Secondo rav Alexander Meloni, rabbino capo di Trieste, Shtisel va vista il più possibile in lingua originale. ”È la grande bellezza di una serie come questa: l’ebraico parlato alla maniera dei religiosi, molto diverso da quello dell’israeliano laico. E poi lo yiddish, così ricco nelle sue espressioni. Con la traduzione si perde molto di questo patrimonio. Anche – fa notare – il senso dell’umorismo che caratterizza varie scene e dialoghi”. Solo una minima parte del pubblico di Shtisel ha gli strumenti per affrontare questa sfida. “Infatti è un gran peccato. Lo stesso è un’opportunità per rivedere pregiudizi che esistono, anche dentro al mondo ebraico, sui Haredim. Il loro lato umano spicca con forza. Così come il costante tentativo di affrontare i problemi della vita di ogni giorno nel segno della Halakhah ma anche di uno possibile mediazione”. È, dice il rav, il tema di sempre: “Mantenere la Legge, andando però incontro all’individuo”. Una sfida che emerge chiaramente nei rapporti familiari, specie tra Shulem e suo figlio Akiva. “Quello di un figlio artista – afferma rav Meloni – è un problema non di poco conto. Lo stesso, col tempo, si riuscirà a trovare un compromesso. Ciascuno farà un passo verso l’altro. Shulem e Akiva sono due personaggi emblematici”. Nel complesso Shtisel è, per il rav, “una serie più che positiva”. Molto “più vera e giusta”, nella sua rappresentazione, di Unorthodox.
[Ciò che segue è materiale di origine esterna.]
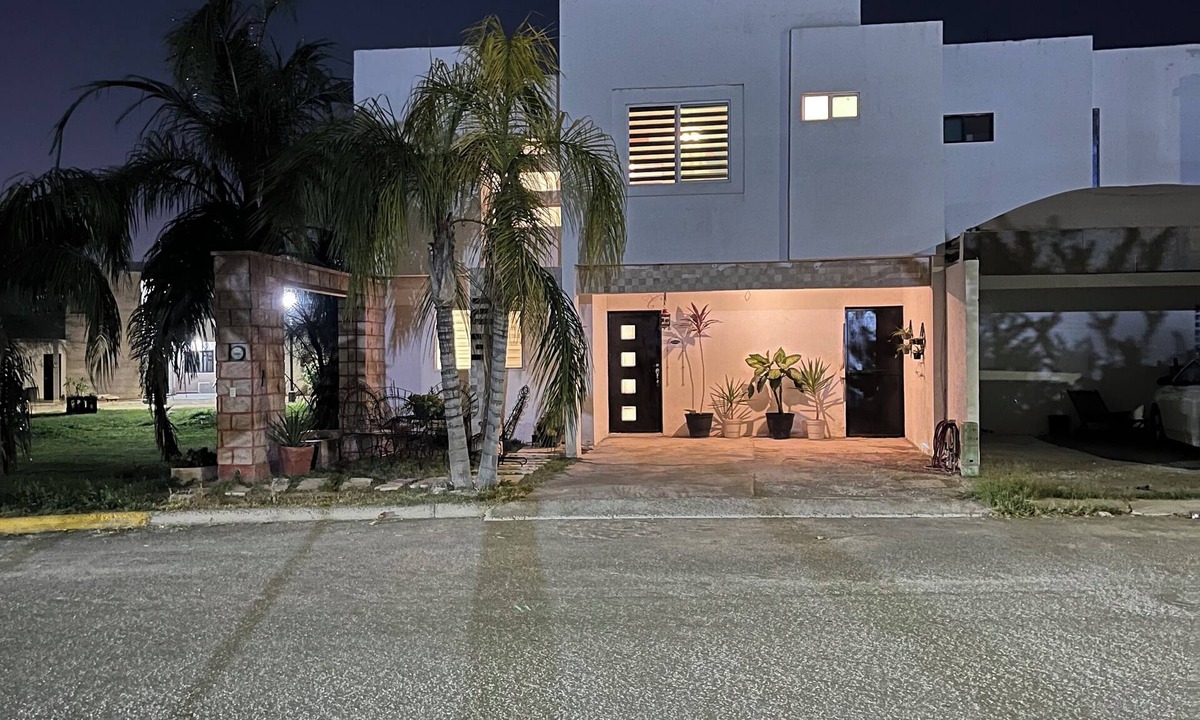 Torreon House | Full house for family and friends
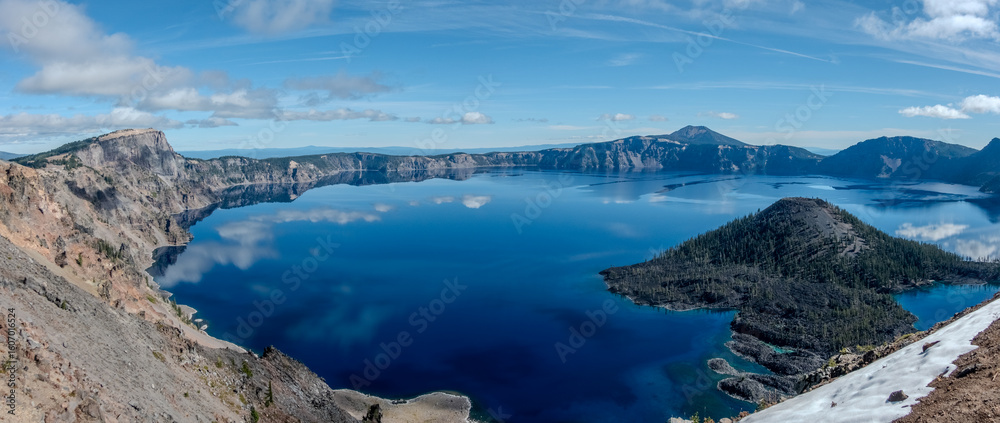 Fototapeta premium Lake view of the lake in the mountains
Entusiasta di Shtisel è anche rav Alberto Sermoneta, rabbino capo di Bologna. “Dico solo questo. La gente mi ferma per strada e mi chiede un parere. Cosa penso della serie, della trama, dei personaggi. Un interesse genuino, che riscontro quasi ogni giorno in prima persona. Tutto ciò è molto positivo. Anche – osserva il rav – per l’immagine dell’ebraismo”. L’impressione che si ricava, dice infatti, è quella “di una società permeata da grande umanità”. Un mondo “ricco anche di sfumature” e in cui le donne, diversamente da quel che in genere si pensa sui Haredim, “hanno un ruolo di assoluta centralità e significato: basti pensare a come, in Shtisel, mettono in riga i mariti”. E poi gli affetti: “Le relazioni familiari, ancorate su solide basi. Il desiderio di assicurare ai propri figli il destino migliore. Un mondo sano, solcato da valori profondi e autentici. Tutto quello che ‘da noi’ si sta un po’ perdendo”. Il personaggio preferito è Shulem: “Nelle espressioni, nelle risposte, nel modo di fare, mi ricorda un po’ rav Laras. È anche un chacham: gli sottoponi un problema, e lui saprà sempre darti una risposta empatica. In qualunque situazione e contesto lo si andrà a interpellare”. Shtisel, secondo rav Sermoneta, è pregevole sotto diversi aspetti. Anche dal punto di vista della sceneggiatura: “Un lavoro ottimo. Sembra davvero di stare a Mea Shearim…”.
Tra i fan di Shtisel c’è anche Manuel Moscato, romano, che ha da poco acquisito il titolo rabbinico di maskil. “Ho visto la terza serie in ebraico. Veramente molto bella. Non vedo l’ora – commenta – che arrivi la quarta”. Ad affascinarlo la vita matrimoniale “che Hanina e Ruchami iniziano a costruire sin da giovani”. Più problematico il personaggio di Giti che, osserva Moscato, “vuole a tutti i costi” che suo figlio si sposi con una ragazza ashkenazita (mentre lui è innamorato di una sefardita).
A risaltare è così una netta diversità di approccio tra marito e moglie. Con il primo, Lippe, che “capisce quello che prova il figlio e cerca di dargli dei consigli”, mentre Giti al contrario “lo costringe a sposare la ragazza che non ama”. Una scelta che ha urtato Moscato perché, ricorda, “un genitore deve ‘vedere’ la felicità del proprio figlio, consigliandolo e accompagnandolo nelle sue scelte”. Agendo diversamente, invece di felicità troverà infatti “solo tristezza”.